MATERIAL PROVIDED
★ ★ ★

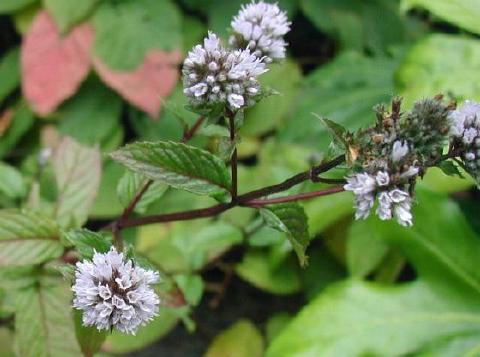 Menthe poivree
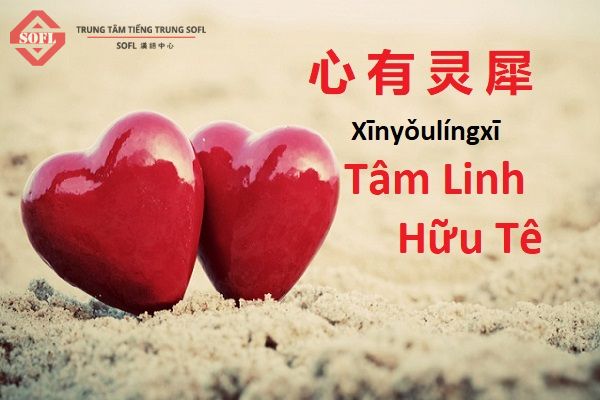 心有灵犀 - Tâm linh hữu tê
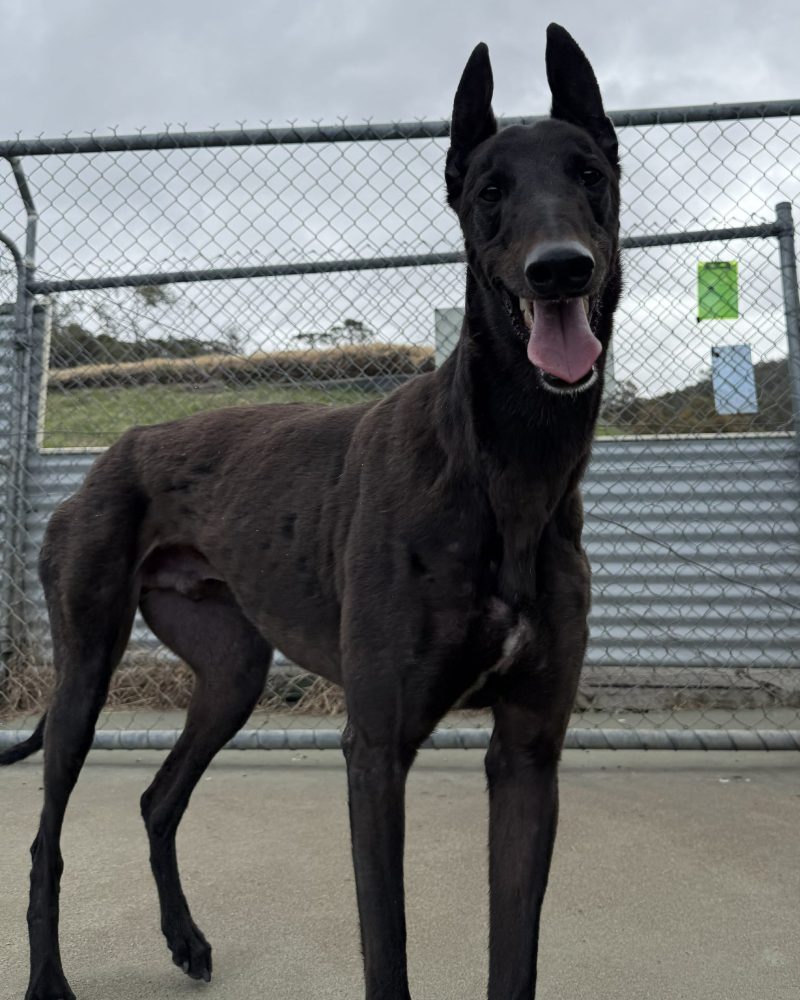 Mate-7-e1767067429164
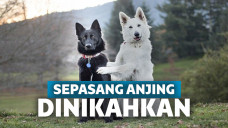 anjing bikin jomblo iri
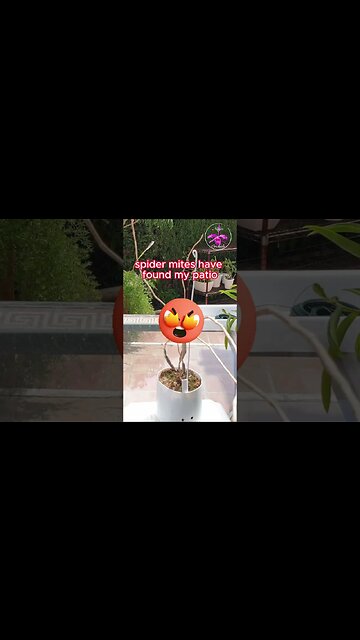 Orchid SET BACK 🩺Diagnosis🧑🏼‍⚕️ PESTS & Result 1 YEAR LATER #ninjaorchids #shorts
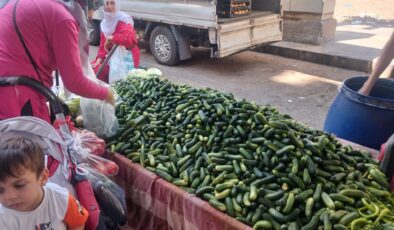 Diyarbakır’da sonbaharın gelişiyle turşu sezonu başladı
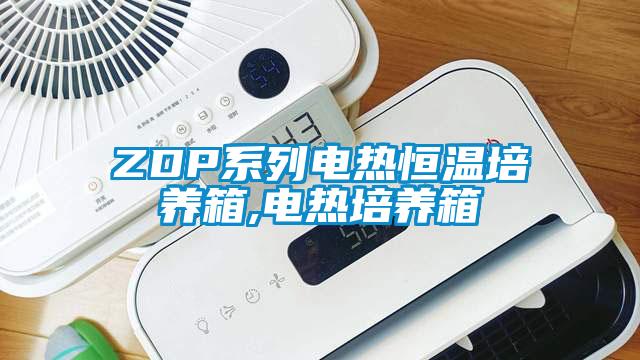 ZDP系列電熱恒溫培養(yǎng)箱,電熱培養(yǎng)箱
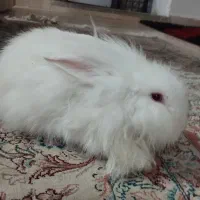 خرگوس لوپ ماده سفید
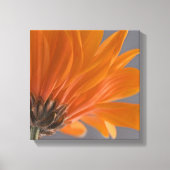Orange Daisy on Gray Leinwanddruck (Vorderseite)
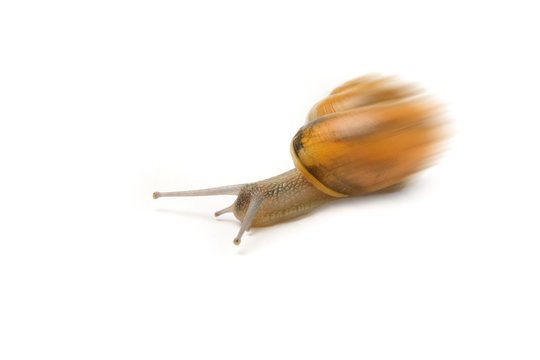 Speedy snail on the white background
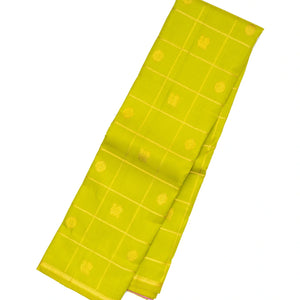 Light Green Handloom Kanchipuram Silk Saree With Checks & Buttas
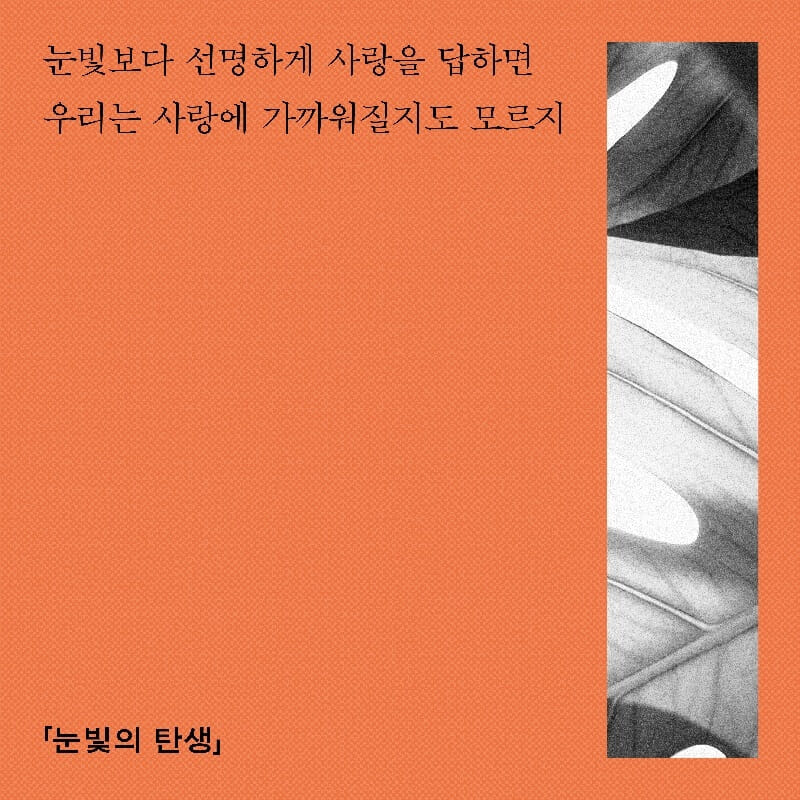 카드뉴스2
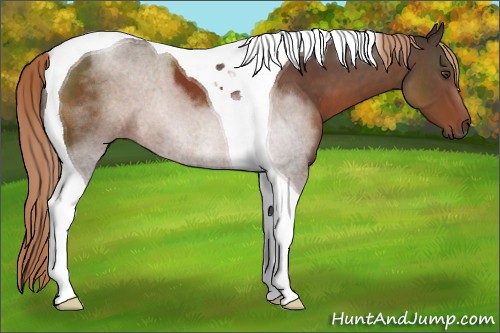 Horse Color:Liver Chestnut Tobiano 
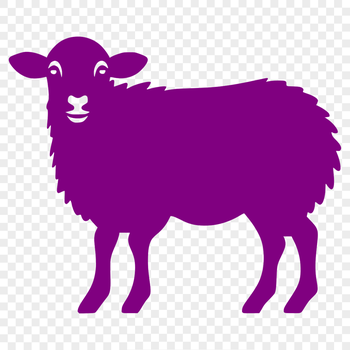A realistic illustration of a farm animal's full body, specifically a sheep.
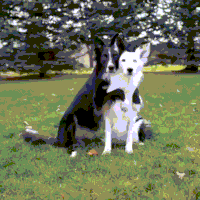 dogs hug GIF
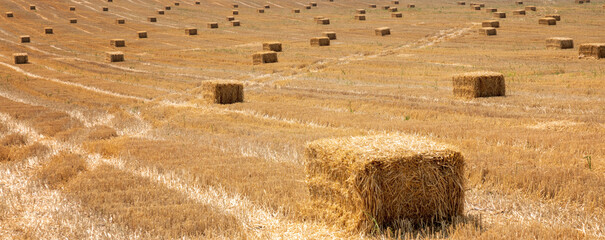 Hay bales on the field after harvest. Panoramic view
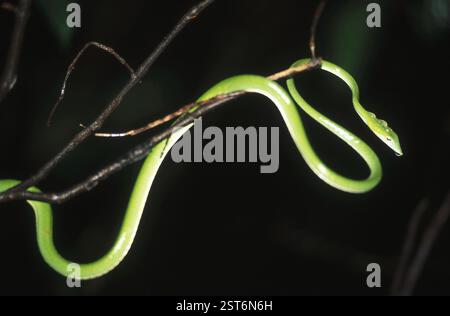 Reptiles, serpent fouet vert Lommon, Raetulla Nasutus, Mothering Maharashtra, Inde, Asie Banque D'Images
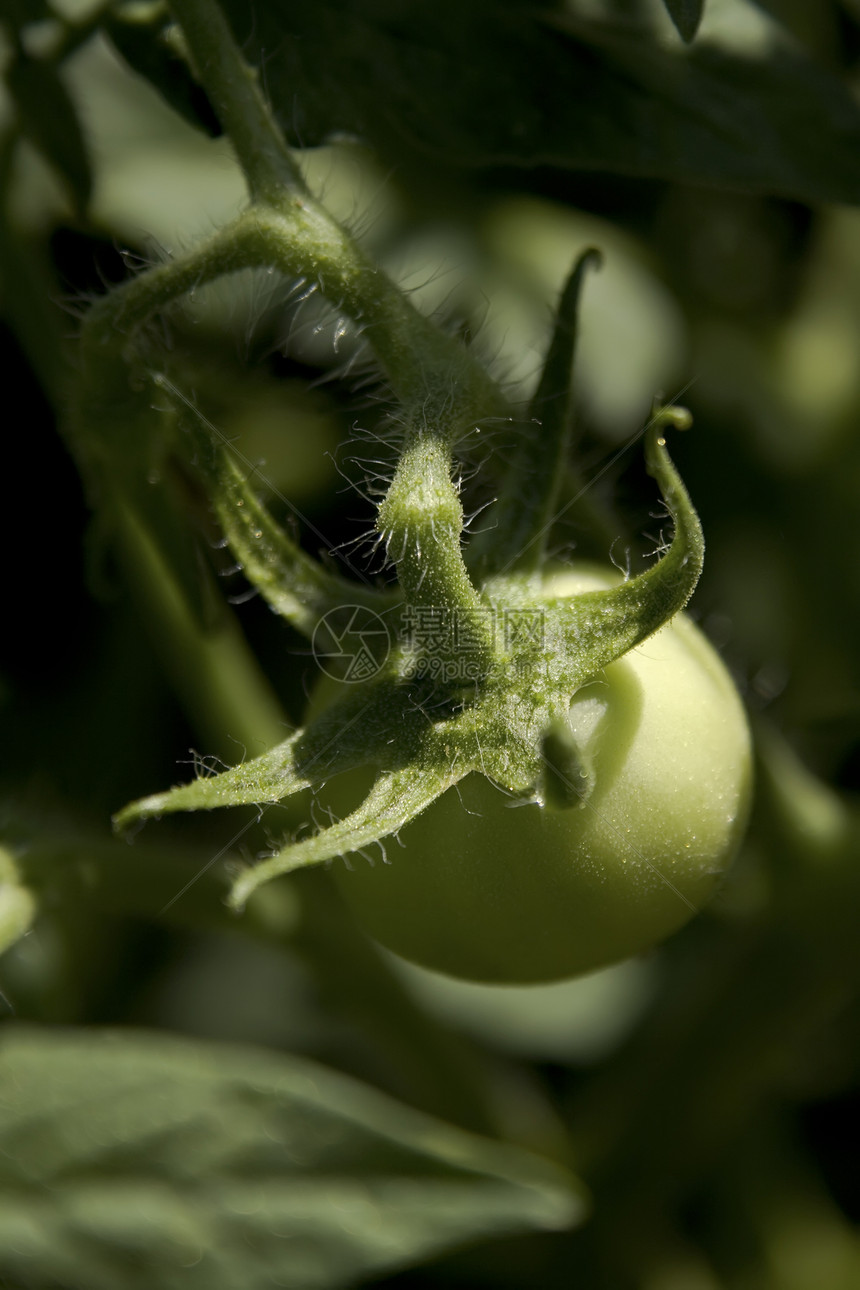 绿番茄植物绿色健康蔬菜西红柿花园园艺宏观图片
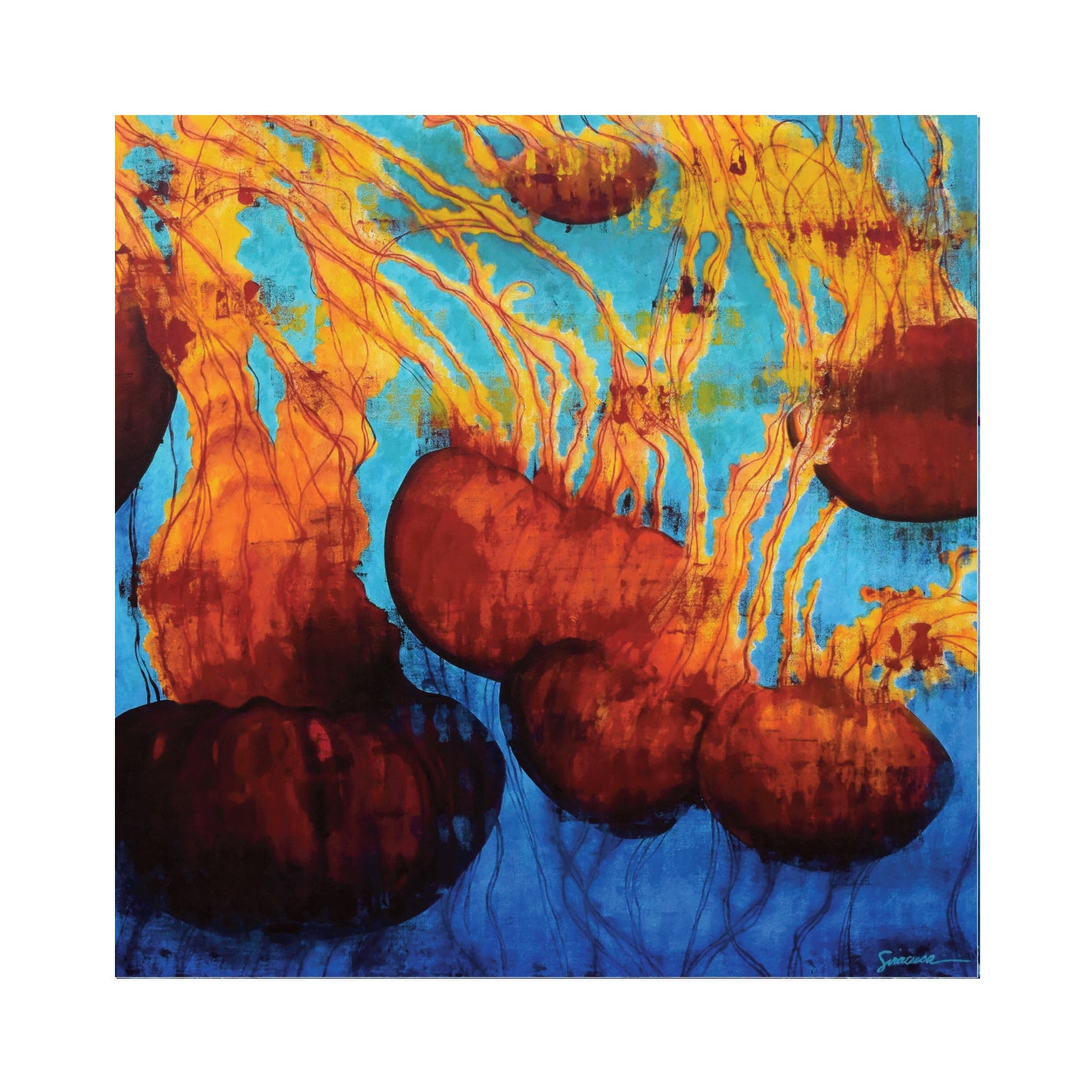 Vitamin SEA Greeting Cards, Group 2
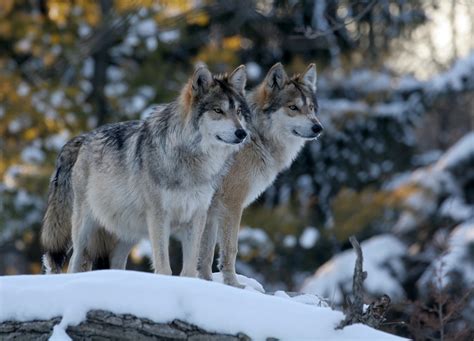 How Grey Wolves Survived Ice Age Extinction The Tribune India
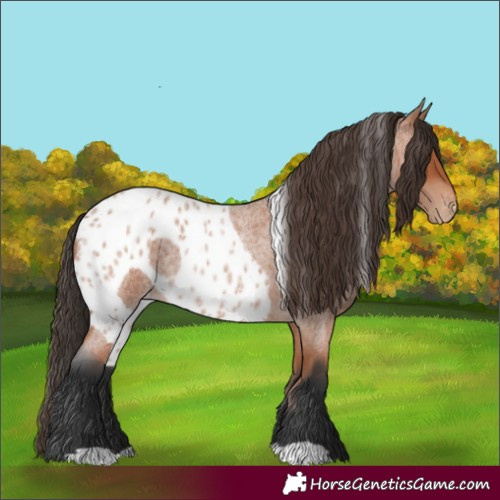 Horse Color:Bay Roan Skewed Appaloosa 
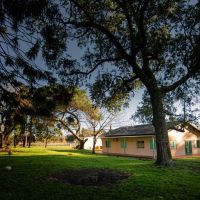 Espacio Ganesha: El refugio mágico para sanar el alma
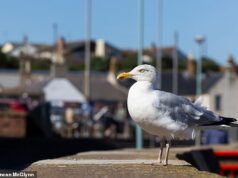 Ele vai limpar esta cidade litorânea! Gull Rangers são contratados para acabar com ‘conflitos’ entre humanos e pássaros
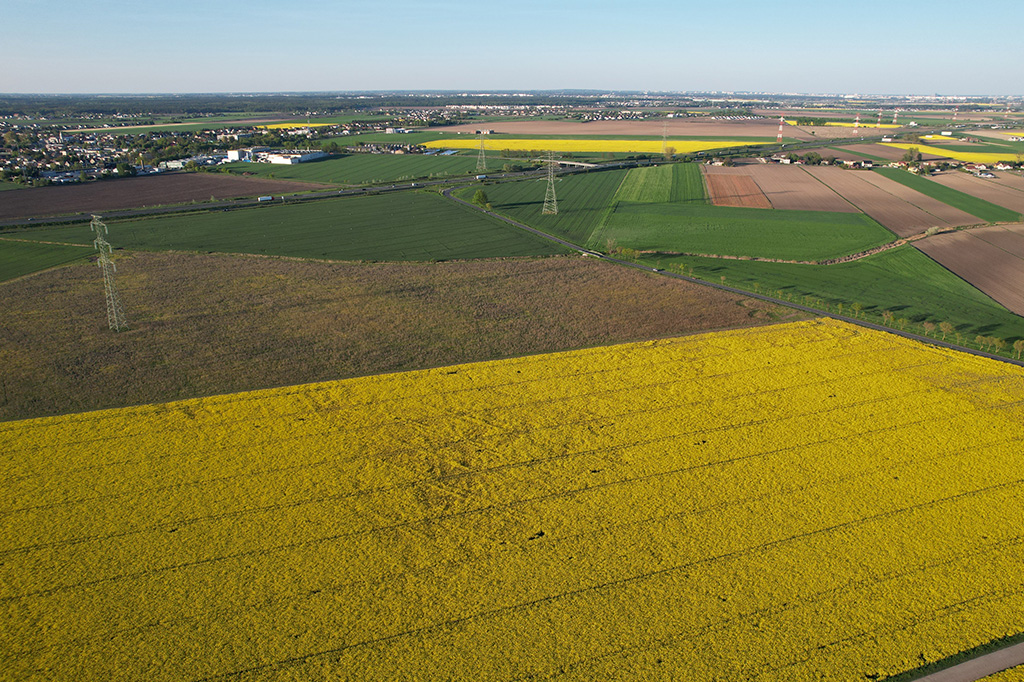 Jak prawidłowo przeprowadzić budowę na granicy działki?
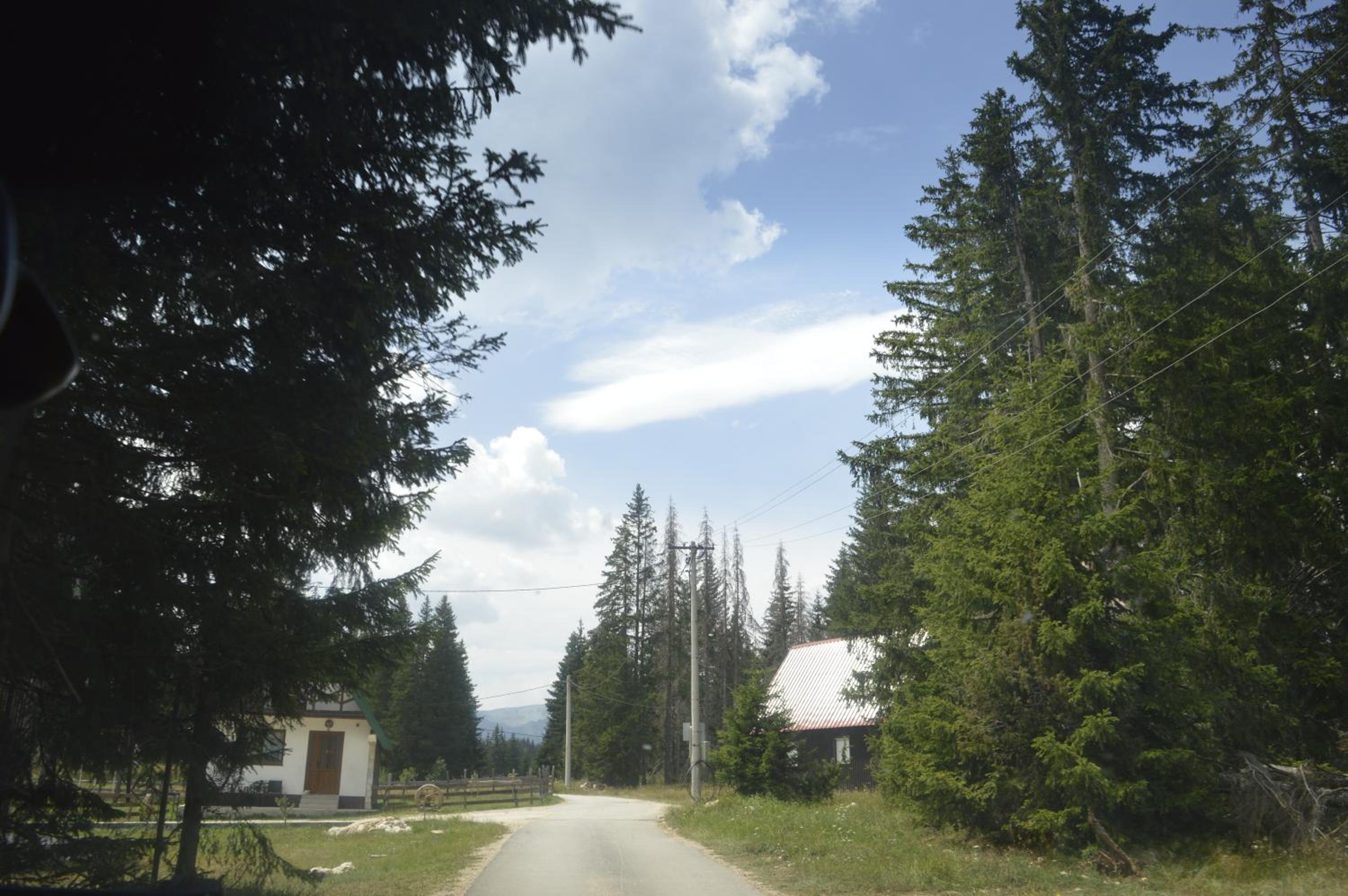 Photo 56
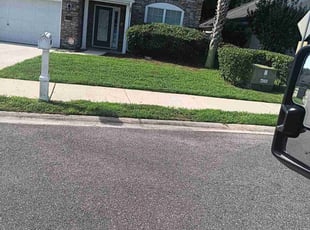 Bush Trimming by Horace Swann for Eve C. in Jacksonville, FL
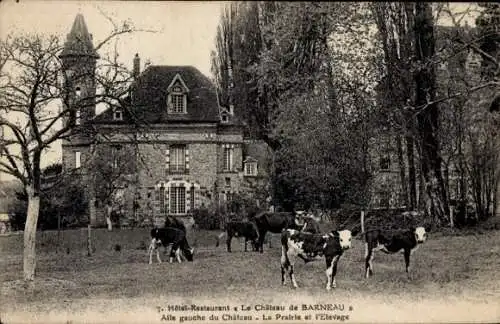 Ak Soignolles en Brie Seine et Marne, Schloss Barneau, Hotel Restaurant, Kühe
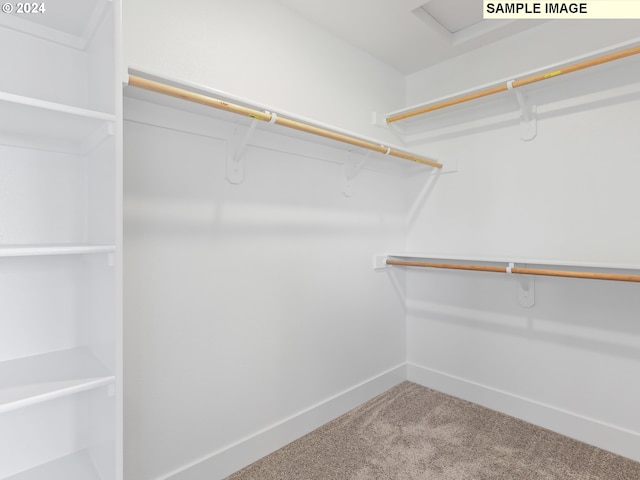 walk in closet with carpet flooring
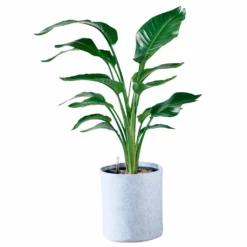 My City Plants Bird Of Paradise Plant Trendcover 32 - Light Gray Extra Large Plants 5' - 8'
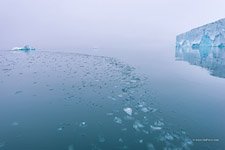 Воды Северного Ледовитого океана Воды Северного Ледовитого океана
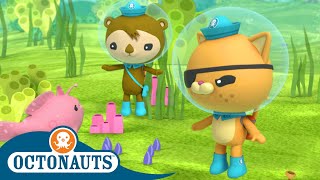 Octonauts  The Artificial Reef | Cartoons for Kids | Underwater Sea Education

★ ★ ★

HOW TO COMPLETE THIS TASK
In the copy, include no pictures, but repeat the listing exactly.

EXERCISE SOLUTION
 Menthe poivree
 心有灵犀 - Tâm linh hữu tê
 Mate-7-e1767067429164
 anjing bikin jomblo iri
 Orchid SET BACK 🩺Diagnosis🧑🏼‍⚕️ PESTS & Result 1 YEAR LATER #ninjaorchids #shorts
 Diyarbakır’da sonbaharın gelişiyle turşu sezonu başladı
 ZDP系列電熱恒溫培養(yǎng)箱,電熱培養(yǎng)箱
 خرگوس لوپ ماده سفید
Orange Daisy on Gray Leinwanddruck (Vorderseite)
 Speedy snail on the white background
 Light Green Handloom Kanchipuram Silk Saree With Checks & Buttas
 카드뉴스2
 Horse Color:Liver Chestnut Tobiano 
A realistic illustration of a farm animal's full body, specifically a sheep.
 dogs hug GIF
 Hay bales on the field after harvest. Panoramic view
 Reptiles, serpent fouet vert Lommon, Raetulla Nasutus, Mothering Maharashtra, Inde, Asie Banque D'Images
 绿番茄植物绿色健康蔬菜西红柿花园园艺宏观图片
 Vitamin SEA Greeting Cards, Group 2
 How Grey Wolves Survived Ice Age Extinction The Tribune India
 Horse Color:Bay Roan Skewed Appaloosa 
 Espacio Ganesha: El refugio mágico para sanar el alma
 Ele vai limpar esta cidade litorânea! Gull Rangers são contratados para acabar com ‘conflitos’ entre humanos e pássaros
 Jak prawidłowo przeprowadzić budowę na granicy działki?
 Photo 56
 Bush Trimming by Horace Swann for Eve C. in Jacksonville, FL
 Ak Soignolles en Brie Seine et Marne, Schloss Barneau, Hotel Restaurant, Kühe
 walk in closet with carpet flooring
 My City Plants Bird Of Paradise Plant Trendcover 32 - Light Gray Extra Large Plants 5' - 8'
 Воды Северного Ледовитого океана Воды Северного Ледовитого океана
 Octonauts  The Artificial Reef | Cartoons for Kids | Underwater Sea Education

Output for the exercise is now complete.